06/06/2010 05:12 am ET | Updated May 25, 2011

It's not the most earth-shattering news, but it certainly forced my eyebrows to arch: Mario Cantone, that loud, out and proud New York actor-comedian has never performed in San Francisco? I'm at a loss for words--something Cantone never seems be in short supply of.

Yes. It's true. Cantone hits San Francisco for the first time Saturday April 10 at the historic Castro Theatre. And it's perfect timing. Hello? Have we seen or read the news? Jesse James, a Sarah Palin reality show, the debate over gays in the military? Please. The pop culture smorgasbord couldn't be more delicious for comics right now.

It was in July of last year when I first experienced Cantone's humor live. I was covering the taping of the Comedy Central Roast of Joan Rivers, where the comedian boldly took the stage and suddenly began channeling Judy Garland, then Liza Minelli and then guest of honor, Joan. Savage.

Creatively, Cantone is a frenetic, smart-mouthed New Yorker with a savage tongue and biting wit. He's that shamefully honest pal you always wished you had--a gutsier Will Truman with splashes of Rhoda Morgenstern tossed into a comedic blender set on high. Downright fun.

But real.

Beyond the stand-up, Cantone is also a celebrated New York stage actor, who really turned heads with his Tony-nominated one-man show dubbed "Laugh Whore." The festive outing, which premiered in fall of 2004, shed more light on the man who played Charlotte's best male bud in HBO's Sex And The City. He later reprised the role in the film version several years ago, and makes another splash with the Carrie and the gals in May's SATC sequel. (Hard not to forget his Comedy Central special or frequent appearances on The View, either.)

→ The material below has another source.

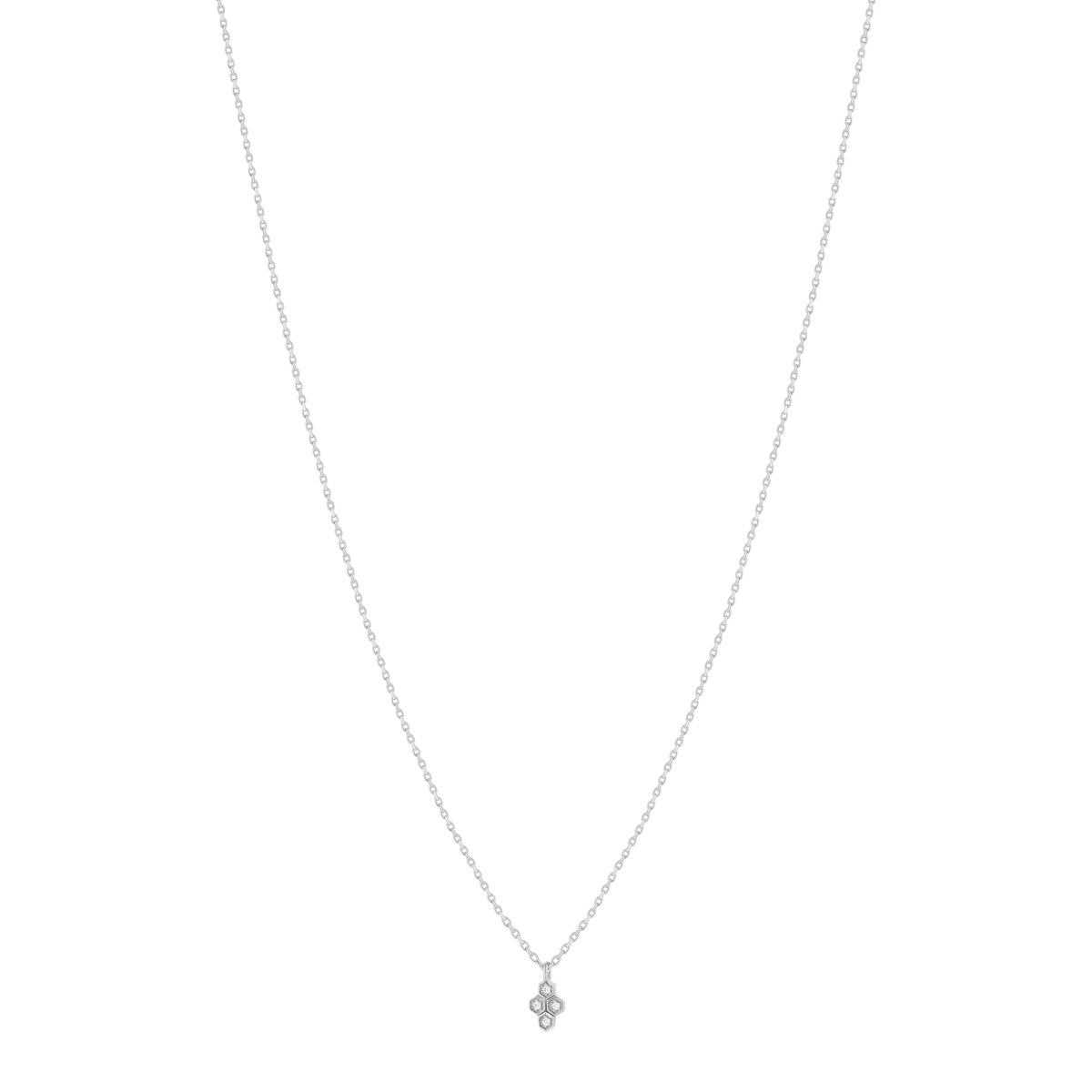 Collier argent 925 zirconias 45 cm - vue 2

Meanwhile, Cantone, who turned 50 in December, took some time to answer a few of my "burning" questions. Truthfully, I really only had three or four for him to ponder, but in 2010, what with the political climate the way it is and gay rights still a pressing concern, a chat-fest was born. Listen and learn ...

Q: So, what's been on your mind lately?

A: Our black president can't say that he's for gay marriage. That is upsetting to me.

It is disturbing.

It's retarded. Dick Cheney was able to say it. And he can't say it? You're a cultured well-to-do, handsome, sophisticated, brilliant black man--you're not going to tell me your wife does not have any gay friends. C'mon! It's all religion and it's all annoying. It pisses me off. And, the health care passed and it's all great, and I know he's moving on things, but I want to hear that from his mouth. I thought before, "Well, he's not saying it, so he can get in." Then he got in and still's not saying it!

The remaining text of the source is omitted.